═════ Information supplied

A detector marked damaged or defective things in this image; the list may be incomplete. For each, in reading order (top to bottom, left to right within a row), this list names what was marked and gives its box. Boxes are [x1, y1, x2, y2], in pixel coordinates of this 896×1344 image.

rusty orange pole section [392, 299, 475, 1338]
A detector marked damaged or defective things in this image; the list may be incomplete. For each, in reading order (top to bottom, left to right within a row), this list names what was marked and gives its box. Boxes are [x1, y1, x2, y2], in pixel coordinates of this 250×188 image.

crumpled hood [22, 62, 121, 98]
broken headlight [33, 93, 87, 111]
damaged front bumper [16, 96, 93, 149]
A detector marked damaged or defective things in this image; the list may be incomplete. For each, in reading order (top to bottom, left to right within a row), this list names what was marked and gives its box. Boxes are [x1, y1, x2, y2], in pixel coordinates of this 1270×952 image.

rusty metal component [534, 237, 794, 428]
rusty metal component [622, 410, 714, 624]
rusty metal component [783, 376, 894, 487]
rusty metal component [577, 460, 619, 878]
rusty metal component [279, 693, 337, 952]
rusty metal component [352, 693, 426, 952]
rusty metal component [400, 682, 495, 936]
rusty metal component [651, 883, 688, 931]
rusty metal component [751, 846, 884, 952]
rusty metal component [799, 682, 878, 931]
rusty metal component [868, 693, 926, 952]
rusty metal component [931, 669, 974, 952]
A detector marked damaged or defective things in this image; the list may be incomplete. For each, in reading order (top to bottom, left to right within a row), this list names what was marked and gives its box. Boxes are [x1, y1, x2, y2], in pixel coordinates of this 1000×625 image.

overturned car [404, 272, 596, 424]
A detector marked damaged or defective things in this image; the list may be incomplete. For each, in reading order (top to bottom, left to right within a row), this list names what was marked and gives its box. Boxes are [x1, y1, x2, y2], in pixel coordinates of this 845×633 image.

══════════
═════ Information supplied

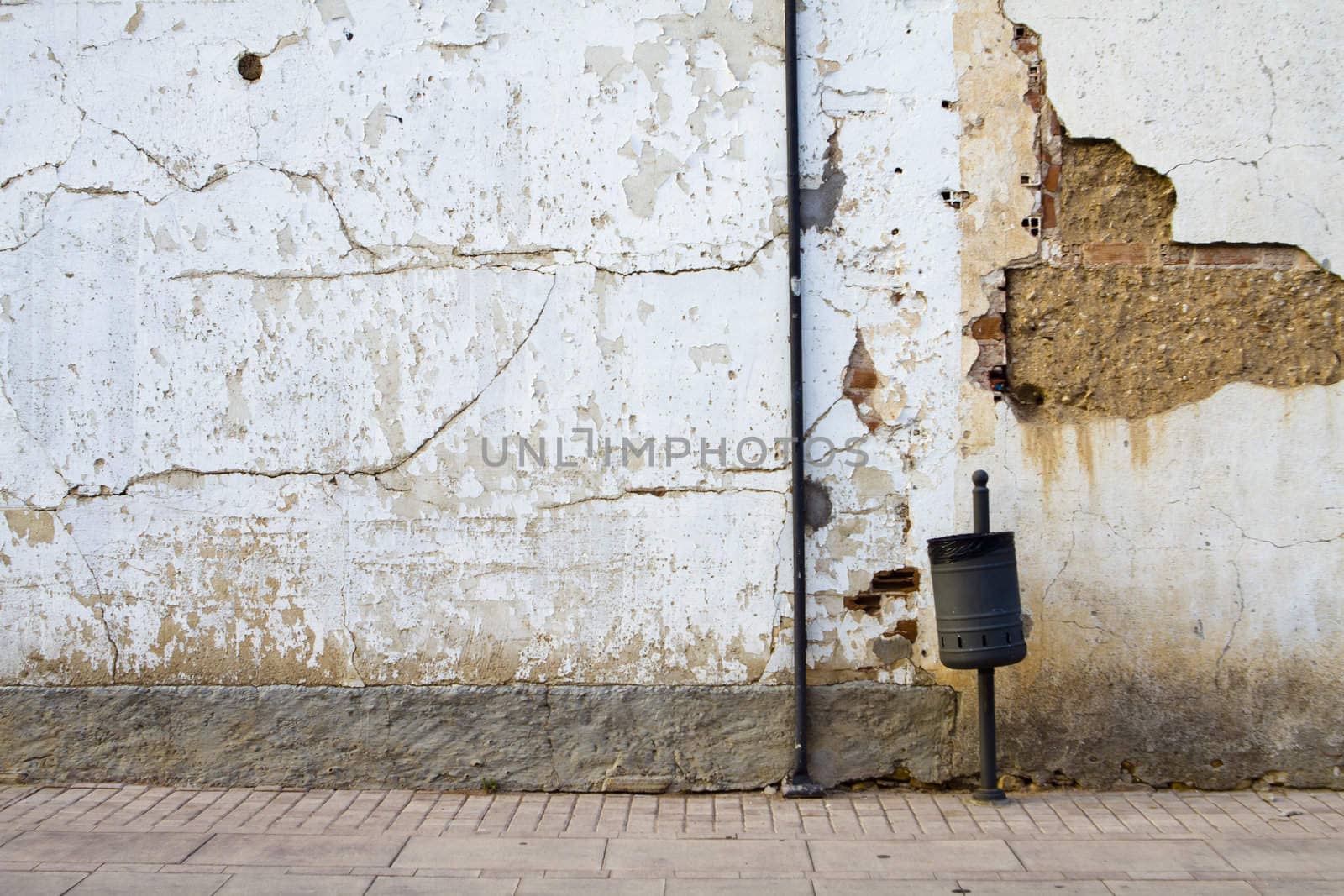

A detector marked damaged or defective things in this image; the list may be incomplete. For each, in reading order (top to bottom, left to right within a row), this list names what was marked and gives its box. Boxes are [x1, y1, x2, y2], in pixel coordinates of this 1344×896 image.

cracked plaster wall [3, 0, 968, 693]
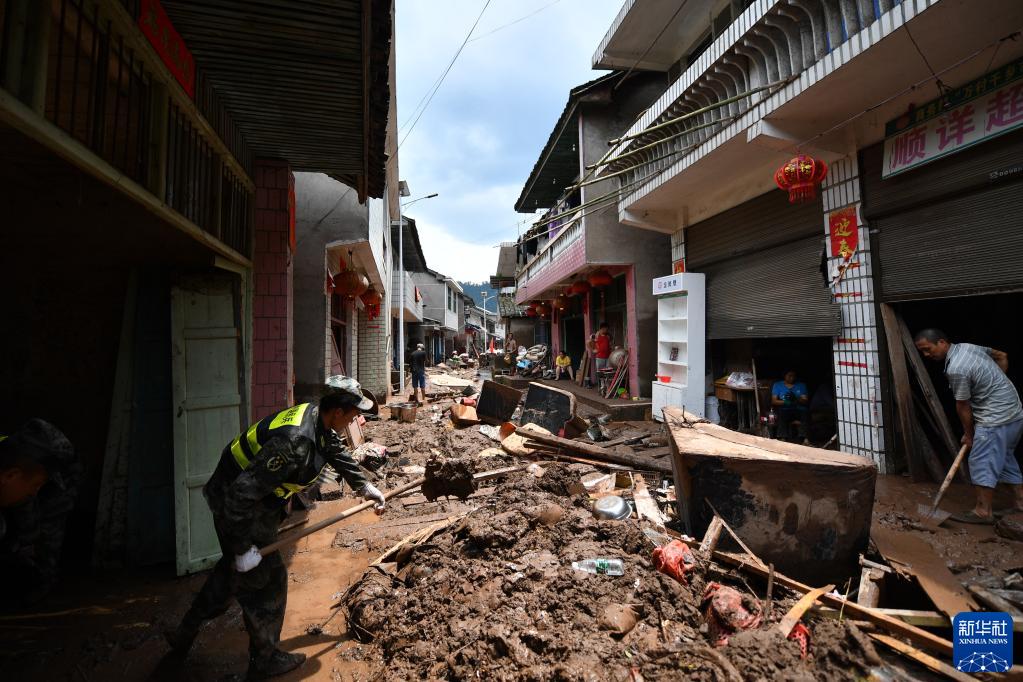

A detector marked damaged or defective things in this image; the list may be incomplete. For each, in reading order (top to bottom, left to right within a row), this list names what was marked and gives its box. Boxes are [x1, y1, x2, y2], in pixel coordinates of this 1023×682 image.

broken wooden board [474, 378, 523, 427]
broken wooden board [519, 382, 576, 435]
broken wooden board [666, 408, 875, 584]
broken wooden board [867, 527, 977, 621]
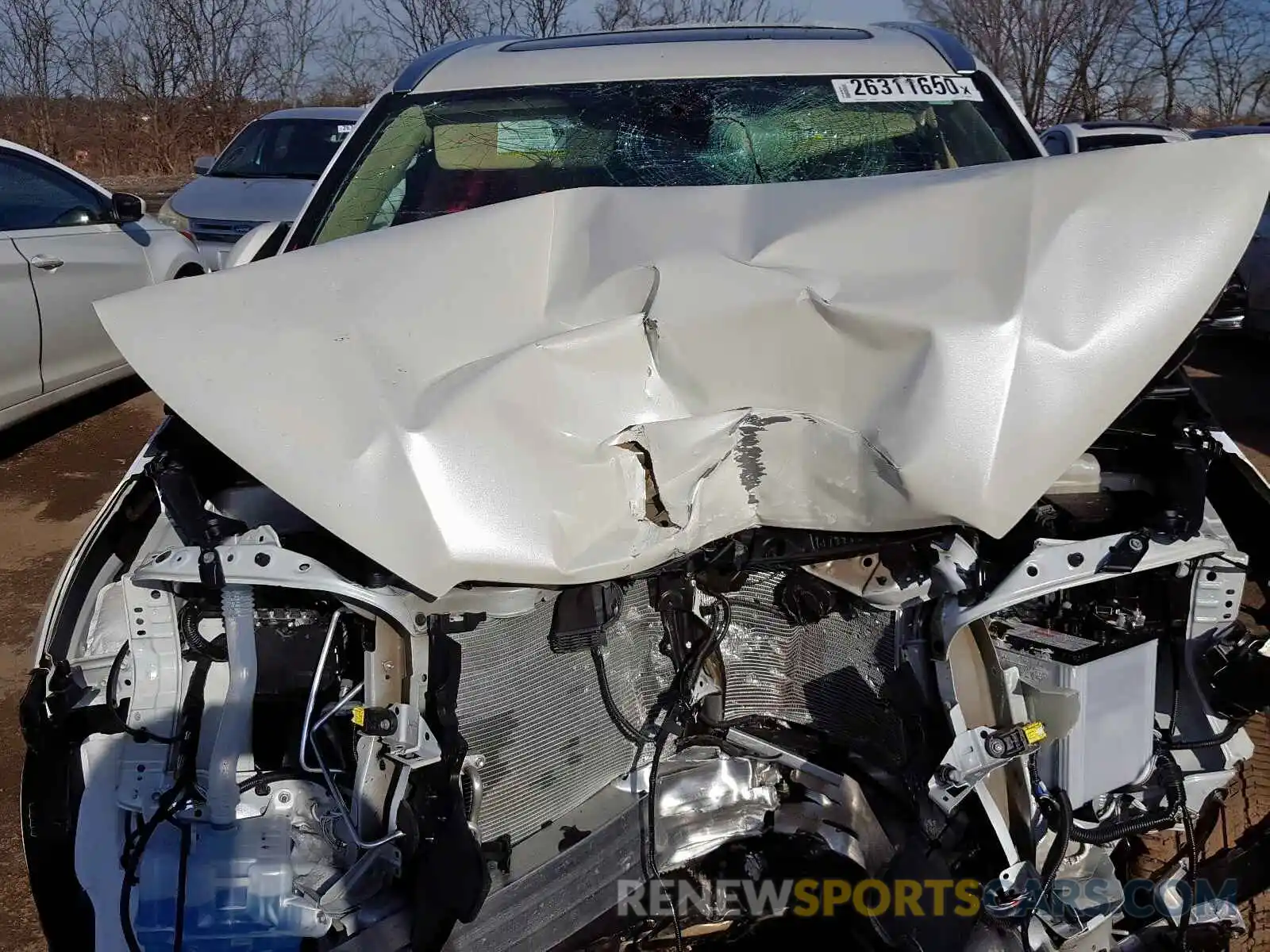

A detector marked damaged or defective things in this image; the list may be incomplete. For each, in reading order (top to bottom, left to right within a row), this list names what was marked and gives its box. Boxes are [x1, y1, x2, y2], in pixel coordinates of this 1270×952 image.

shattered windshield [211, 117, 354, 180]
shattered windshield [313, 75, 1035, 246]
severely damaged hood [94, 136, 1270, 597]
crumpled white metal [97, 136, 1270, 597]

══════════
═════ Information supplied

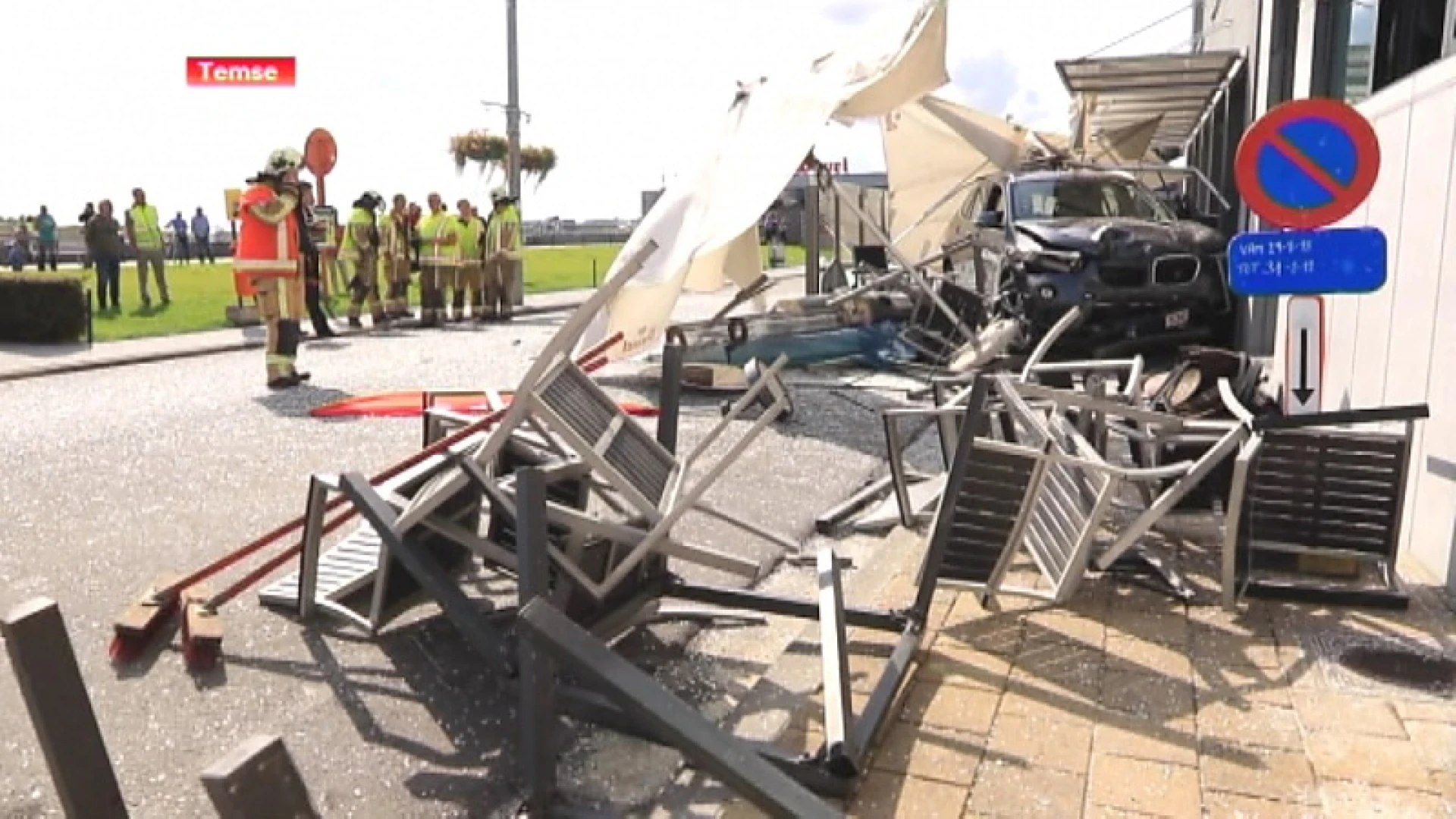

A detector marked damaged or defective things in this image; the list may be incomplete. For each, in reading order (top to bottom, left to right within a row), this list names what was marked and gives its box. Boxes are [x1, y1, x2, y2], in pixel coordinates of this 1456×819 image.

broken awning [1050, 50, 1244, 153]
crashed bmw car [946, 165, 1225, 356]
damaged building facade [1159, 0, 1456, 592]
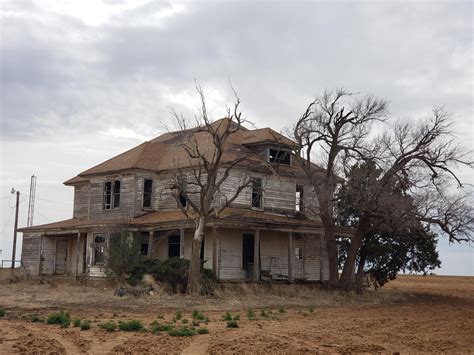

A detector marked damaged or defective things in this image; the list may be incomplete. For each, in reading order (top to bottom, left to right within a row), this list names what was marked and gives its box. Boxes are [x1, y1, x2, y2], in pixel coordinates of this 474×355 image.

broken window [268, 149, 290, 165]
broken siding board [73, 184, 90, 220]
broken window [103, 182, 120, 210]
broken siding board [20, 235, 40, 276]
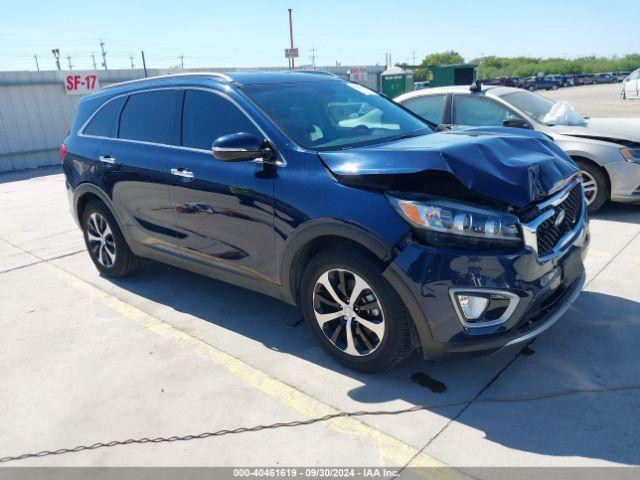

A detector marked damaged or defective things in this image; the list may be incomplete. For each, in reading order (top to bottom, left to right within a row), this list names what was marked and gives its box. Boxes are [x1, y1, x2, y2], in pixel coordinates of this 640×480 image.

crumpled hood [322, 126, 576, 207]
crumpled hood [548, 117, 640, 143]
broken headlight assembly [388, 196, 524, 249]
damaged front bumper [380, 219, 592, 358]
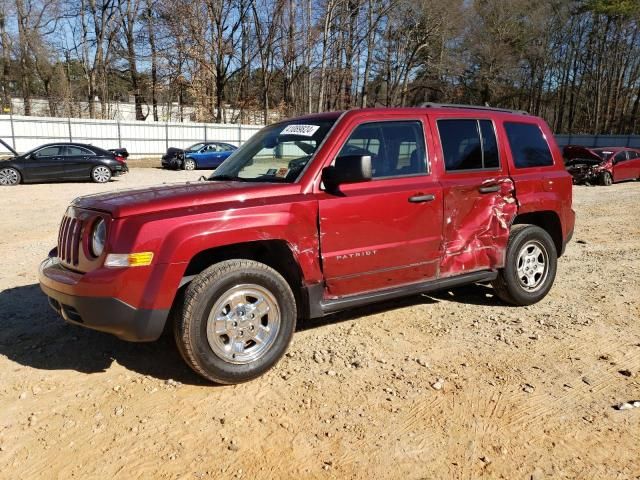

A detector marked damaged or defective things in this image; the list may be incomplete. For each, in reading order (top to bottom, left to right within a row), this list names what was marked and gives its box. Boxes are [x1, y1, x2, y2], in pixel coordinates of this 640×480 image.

══════════

▸ **To do**:
Reproduce exactly, and with no other material, the lines between those holding "this 250×188 image." and "this 845×633 image.", inclusive.

▸ **Your solution**:
A detector marked damaged or defective things in this image; the list may be incomplete. For each, in reading order (top to bottom, left to right within a row), this list names what was marked and gives its box. Boxes are [x1, y1, x2, y2], in pixel coordinates of this 250×188 image.

crumpled hood [22, 62, 121, 98]
broken headlight [33, 93, 87, 111]
damaged front bumper [16, 96, 93, 149]
A detector marked damaged or defective things in this image; the list may be incomplete. For each, in reading order (top to bottom, left to right within a row), this list names what was marked and gives its box. Boxes are [x1, y1, x2, y2], in pixel coordinates of this 1270×952 image.

rusty metal component [534, 237, 794, 428]
rusty metal component [622, 410, 714, 624]
rusty metal component [783, 376, 894, 487]
rusty metal component [577, 460, 619, 878]
rusty metal component [279, 693, 337, 952]
rusty metal component [352, 693, 426, 952]
rusty metal component [400, 682, 495, 936]
rusty metal component [651, 883, 688, 931]
rusty metal component [751, 846, 884, 952]
rusty metal component [799, 682, 878, 931]
rusty metal component [868, 693, 926, 952]
rusty metal component [931, 669, 974, 952]
A detector marked damaged or defective things in this image; the list may be incomplete. For each, in reading order (top to bottom, left to right within a row), this list names what was marked and gives its box. Boxes are [x1, y1, x2, y2], in pixel coordinates of this 1000×625 image.

overturned car [404, 272, 596, 424]
A detector marked damaged or defective things in this image; the list may be incomplete. For each, in reading order (top to bottom, left to right within a row), this list names what was marked and gives its box. Boxes are [x1, y1, x2, y2], in pixel coordinates of this 845×633 image.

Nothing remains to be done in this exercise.